Wickman: For the last 20 years, my focus has been on helping an entrepreneur run their business. When I was 40, I decided when I turned 50 that I’m going to devote my energy to the front of the entrepreneurial journey. I’m now taking this experience and helping entrepreneurs in the making to first of all determine whether or not they are entrepreneurs and then second helping them to take a better leap. And the truth of the matter is I’m teaching my 18-year-old self. There’s an old saying from Daniel Kennedy that says we teach what we needed the most. And so I am teaching my 18-year-old self who was lost and confused and insecure and mislabeled and really giving that person a jump start because it took me until I was about 28 years old to have the light bulb moment that I’m an entrepreneur. Up until then, it was this crazy scrappy 11 years of trying to figure out what the hell I was.
Knox: How does The Entrepreneurial Leap help someone decide if entrepreneurship is right for them?
Wickman: The book is broken into three parts, with the first called Confirm. Confirm is about helping that entrepreneur in the making that’s trying to decide if they are really an entrepreneur. It’s helping them confirm as to whether they even are or they aren’t. And what I strongly believe is I believe someone who is an entrepreneur, a true entrepreneur has six essential traits. They are visionary, passionate, problem solver, driven, risk-taker, and responsible. It’s answered in simply deciding, do you possess those six essential traits? I believe you’re born with them. I believe they can’t be taught. And there’s also an assessment that they can take in the book, get a result and just get some clarity around whether they are entrepreneurs and is entrepreneurship right for them.
Knox: You discussed that entrepreneurship is not something you can learn. What do you mean by that?
Wickman: It’s controversial but I’m guessing it’s 50/50 of people that believe you can learn these traits and others who believe you’re born with these traits. And I happen to be one of the people that believe you’re born with these traits.

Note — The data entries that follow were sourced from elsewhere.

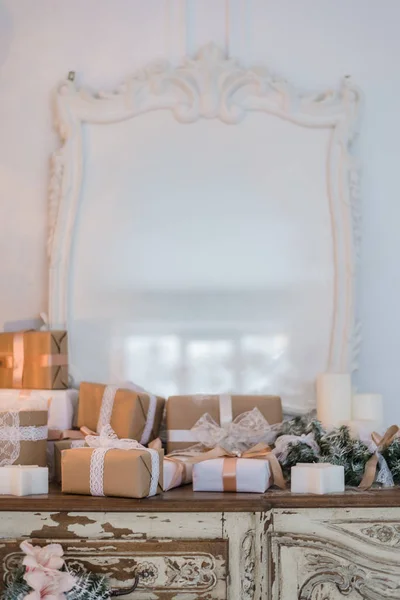 Kerstboom op houten ladekast commode bureau in wit interieur, versierd met kunstbloemen, bloemenslingers en speelgoed — Stockfoto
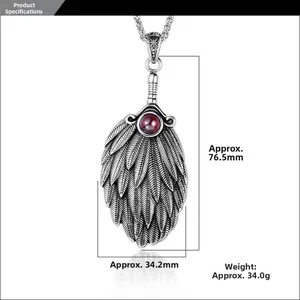 Detailed view of the feather pendant showing 76.5mm height and 34.2mm width dimensions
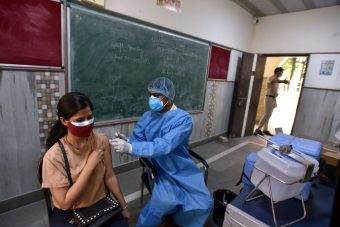 NEW DELHI, INDIA - MAY 3: A health worker administers a shot of Covid-19 vaccine,  Today Start the age group of 18 to 44 vaccination Drive at a Govt School Sarvodaya Kanya Vidyalaya, West Vinod Nagar, Patpatganj   on May 3, 2021 in New Delhi, India.  Kicking off the COVID-19 vaccination drive in Delhi, Deputy Chief Minister Manish Sisodia visited Sarvodaya Kanya Vidyalaya, West Vinod Nagar, where 5 sites have been set up for citizens to get COVID-19 vaccines starting today for individuals aged 18-45 years. Deputy Chief Minister Shri Manish Sisodia said, Delhi Government has received 4.5 lakh vaccination doses until now, on the basis of which 301 vaccination centres have been made in 76 schools across Delhi, vaccinating 45,100 citizens.    ( Photo by Sonu Mehta/Hindustan Times via Getty Images)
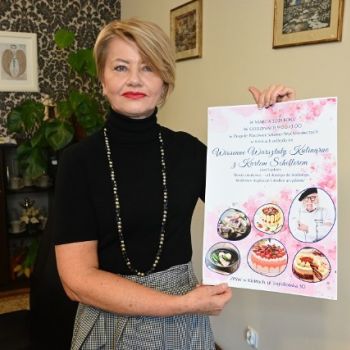 Pani Dyrektor ZPSW - Marta Jagniątkowska trzyma w rękach plakat "Wiosenne Warsztaty Kulinarne z Kurtem Schellerem"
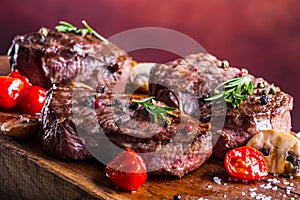 Grill beef steak. Portions thick beef juicy sirloin steaks on grill teflon pan or old wooden board photo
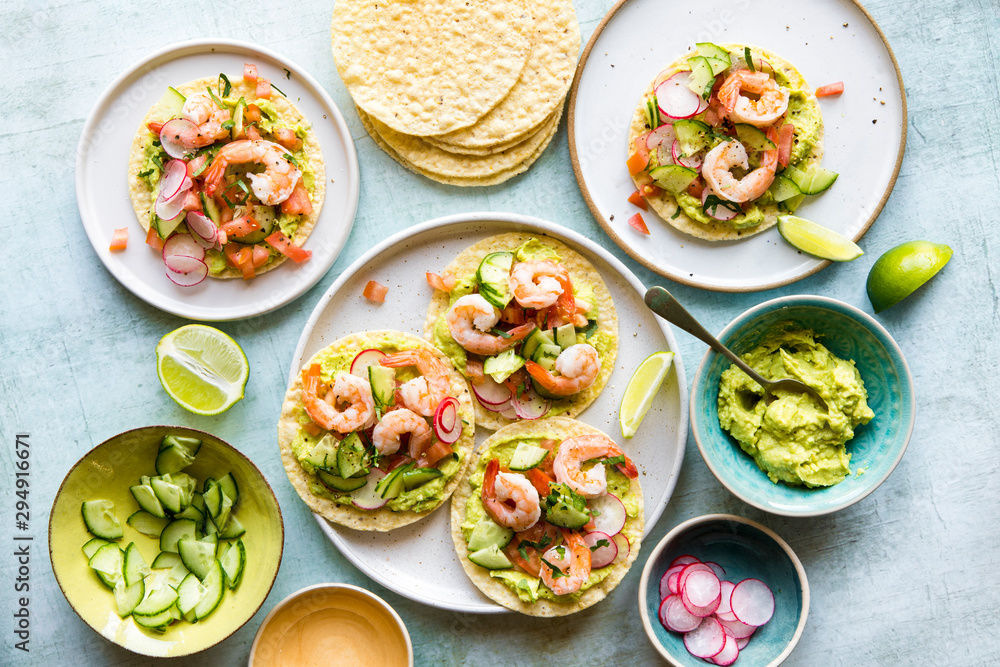 Shrimp tostada with freshly made guacamole, diced tomato and crunchy radish Shrimp tostada with freshly made guacamole, diced tomato and crunchy radish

I believe it’s nature over nurture and so assuming that’s true, then it can’t be taught. And if you look at successful entrepreneurs, at the end of the day, it’s really what they are. It’s not what they do. And there are two points to that. Number one, I get concerned when people are trying to teach this process, this system, this way to become a successful entrepreneur when there isn’t one. Because the reality is it’s a person with these six essential traits that have an idea, takes a leap, gets their ass kicked for 10 to 20 years and emerges as a successful entrepreneur.
You can’t explain what’s going to happen. There are so many variables and factors that you cannot create one system in one size that fits all. And so that’s why I say it’s just not something you can do. And it’s concerning to me because I feel it does damage when somebody’s teaching that there is this one size fits all way to launch every business. And it works every time because an entrepreneur is just figuring it out literally every day, every week, every month, evolving, moving, tweaking, adjusting, and then ultimately enduring and surviving one a hell of a ride. Entrepreneurship is not all it’s cracked up to be. It’s really hard. And I’m not understating it when I say you get your ass kicked. It’s not all it’s cracked up to be. I’m just giving a cautionary tale so that these people that aren’t genetically encoded for it don’t make the mistake of living a life of hell for 10 years.